As a rule, the annual meetings of mutual savings and loan associations are rather cut and dried affairs. Not so last week's 50th annual meeting of Interstate Federal.

It was not the announcement of a $5.5 million loss last year--making 1981 the worst year in many for Interstate, as it was for countless other S&Ls--that disturbed the tranquility of the setting. In fact, depositors took solace in President Robert A. Barton's statement that the institution had $36 million in reserves, or 9.6 percent of savings --triple the level required by federal banking authorities.

No, it was a small number of dissident depositors who provided unaccustomed fireworks, much to the discomfort of management and other members. The dissidents, calling themselves the Interstate Depositors Association, tried unsuccessfully to introduce three resolutions dealing with conflict of interest, remuneration of officers and directors, and community advisory boards. The parliamentarian ruled them out of order.

A spokesman for the group, Jeffrey Fiedler, did, however, manage to bring up the substance of the resolutions for discussion. He demanded to know if there was not a conflict of interest when eight top officials of Interstate also hold positions at or are connected to Weaver Bros., a competitor in the mortgage banking field.

A Weaver brother founded Interstate a half century ago. Martin F. West Jr., chairman of the board of Interstate and president of Weaver Bros., replied, "There is no conflict of interest; we've followed every regulation."

In addition to interlocks, Fiedler asked Interstate to disclose salaries and fees for services directors provided the association. He questioned how West could be the full-time president of Weaver Bros. and still tell the Federal Home Loan Bank Board that 50 percent of his time is devoted to Interstate. West declined to make the disclosures, saying they were filed with the bank board but that the regulatory agency disapproved of making them public.
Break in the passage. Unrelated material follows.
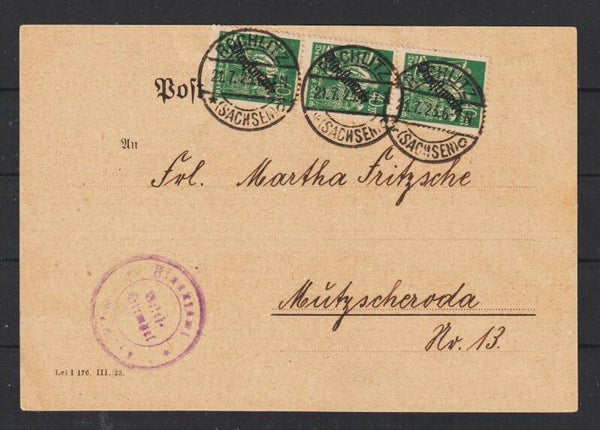 MiNr. D 77 (3x) auf Postkarte "Finanzamt" ROCHLITZ 21.7.23  (ad)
The request for community advisory boards--which was also not allowed to be put to a vote--related to the IDA's charge that Interstate engages in red-lining, the practice of not making mortgage loans in certain geographical areas deemed undesirable. President Barton responded that, while he did not have figures available, the association served a wide base of customers, was closely involved in community organizations and did take care of low-income loan applicants. "I have worked very hard to turn Anacostia around from rental to home ownership," he said.

When questioned later, Barton provided the following figures for 1981: Of the 403 loans totaling $33 million made by Interstate, 73 totaling $5.8 million, or 18.1 percent, were in the District. Forty of the 73 loans, amounting to $2.7 million (46.5 percent), were made on properties "east of Rock Creek Park," he added. (This expression is a common euphemism for low-income, overwhelmingly black neighborhoods.) Barton said he did not have a further breakdown.

The IDA, working on 1980 loans, contends the figures are misleading. Using Interstate's own data and that of Rufus S. Lusk & Son, Andy Kahn calculated that of the $4.9 million in loans Interstate made in the District, $2.3 million (46.9 percent) was placed east of the park. But, Kahn insisted, that designation also includes Capitol Hill, site of many expensive homes bought mainly by whites, and neighborhoods like Adams Morgan, where rehabilitation by white owners is taking place.

By excluding the $1.35 million in mortgages made in Northwest Washington east of the park and the $379,000 made in the Capitol Hill area, Kahn comes up with just $585,000 for the rest of Northeast, Southeast and Southwest. That amounts to 11.8 percent of loans made in 1980. (Were the same ratio applied to 1981 figures, the total would be $682,000.) Forty-nine percent of the District's population lives in communities other than Northwest and Capitol Hill.

The IDA made no attempt to find out how many mortgage applications were made in the low income areas, or how many were denied. Neither did it find out what percentage of Interstate's deposits came from Northwest and Capitol Hill.